DOCTORS and nurses are being urged to fist-bump patients rather than shake their hands to help stop the spread of deadly bugs.
Leading medics have said opting for the trendy greeting is far less likely to result in the transmission of dangerous bacteria and diseases.
They believe bugs such as norovirus, which affects a quarter of the population every year and is particularly prevalent in hospitals, could be combated by changing our traditional greeting.
Their calls come in the wake of studies that have shown shaking hands exposes three times as much skin to bacteria as bumping fists.
Internationally renowned plastic surgeon Dr Tom McClellan, who conducted experiments measuring the transmission of bacteria from both a fist-bump and a handshake, is a big proponent of fist-bumping.
He said: “Our study showed that diminished surface area, reduced contact time and use of the back of the hand all significantly reduce growth of bacteria.
“The same would hold true with viruses as well.
“Hospitals have made a significant effort to encourage better hand practices and many have adopted fist-bumps as a fun way to remind patients and families.”

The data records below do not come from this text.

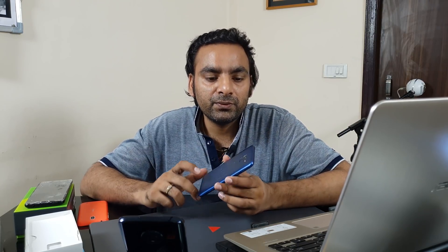Having Gorilla Glass 6 alone won't make your phone completely safe — good construction is also essential. As for when GG6 arrives: Corning is already in discussions with manufacturers. The Samsung Galaxy S8 was the first device with Gorilla Glass 5, so I expect the Samsung Galaxy S10 will likely be one of the first with Gorilla Glass 6, not the Note 9 which is already in production.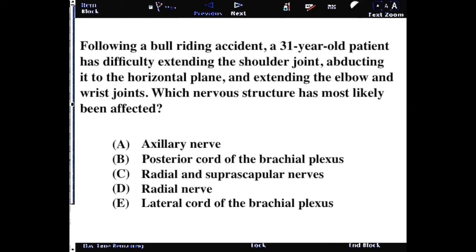Following a bull riding accident, a 31-year-old patient has difficulty extending the shoulder joint, abducting it to the horizontal plane, and extending the elbow and wrist joints. Which nerve structure has most likely been affected?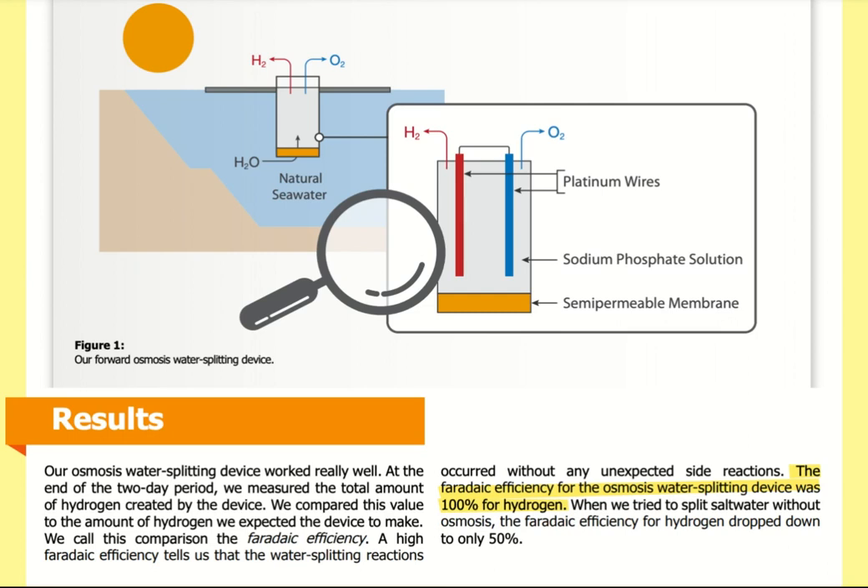Figure 1 shows our forward osmosis water splitting device sitting in natural seawater, with H2O flowing in past an orange semi-permeable membrane. Inside the device there is a sodium phosphate solution and two platinum wires connected to wires at the top. A red arrow shows hydrogen gas (H2) being created, and a blue arrow shows oxygen gas (O2) being created.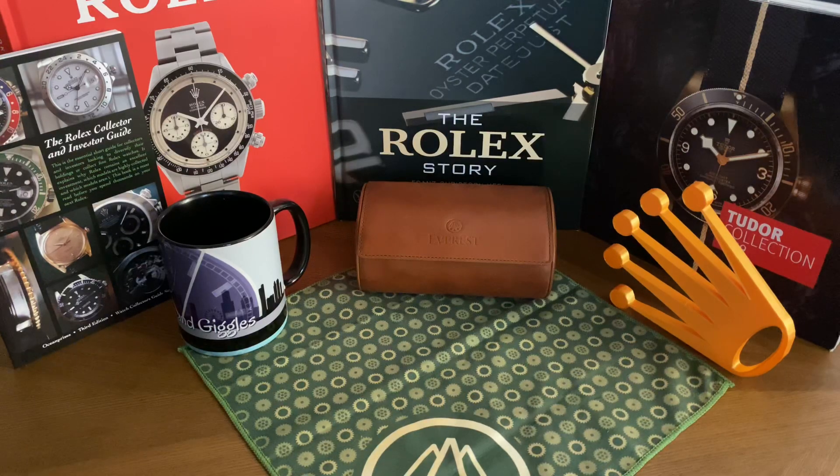Hopefully Tudor is setting up this watch like Rolex does — release a precious metal version and then a steel version down the road. I'm hoping Tudor is going to do the same thing and release a steel version of this watch in the Black Bay 58 case. That would be awesome.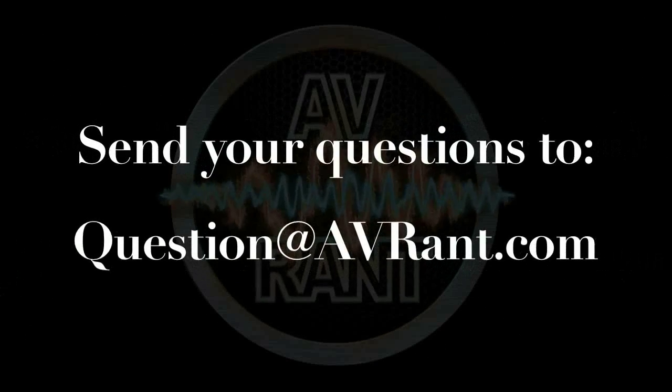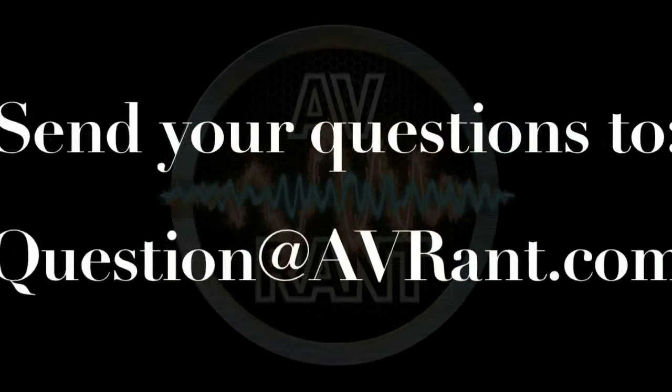Want your question answered? Send it to question at avrant.com.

He added: “Once you explain the concept patients actually have fun with it, although kids seem to be more receptive than older patients.”
Dr McClellan’s comments have also been supported by microbiologist Professor Hugh Pennington who said fist-bumping could be used as part of efforts to prevent infections.
Prof Pennington said: “It might make a difference.
“It’s one of many things you can do to cut down on the spread of bacteria.”
However, both experts agreed the most important measure in preventing the spread of bugs is good hand washing habits.
Many cruise ship captains have already switched to the fist-bump when greeting passengers in an attempt to improve hygiene.
The suggestion has also gained traction with politicians.
Earlier this year, SNP MP Alison Thewliss suggested fist-bumps may be a “slightly better alternative” to shaking hands.
She made the comment in relation to a debate in the Commons about hand washing in the NHS.
A study by scientists at Aberystwyth University found fist-bumping instead of shaking hands can reduce the spread of bacteria and viruses by up to 90%.
Dr Dave Whitworth, co-author of the report, said the best way to avoid spreading bugs was for health staff to limit contact with patients to what was absolutely necessary.
He said some people have even suggested health staff use the Indian “Namaste” greeting, which involves a slight bow with your own hands pressed together, or another form of bowing or nodding.
He said: “Although fist-bumping reduces the spread there’s still the transmission of infectious agents through that brief contact.”
However, Aggie Mackenzie, who was co-presenter on Channel 4’s How Clean Is Your House, said she couldn’t see fist-bumping catching on.
She said: “It would take decades and decades for that cultural change to actually take place.
“From a practical point of view, it’s not really going to happen is it?
“Shaking someone’s hand is such a part of our DNA.”
Poor hand hygiene is one of the main causes of the spread of superbugs such as C.diff, as well as infections including E.coli, flu and norovirus.
Experts say washing hands for 15 seconds is key to halting the spread of the bugs.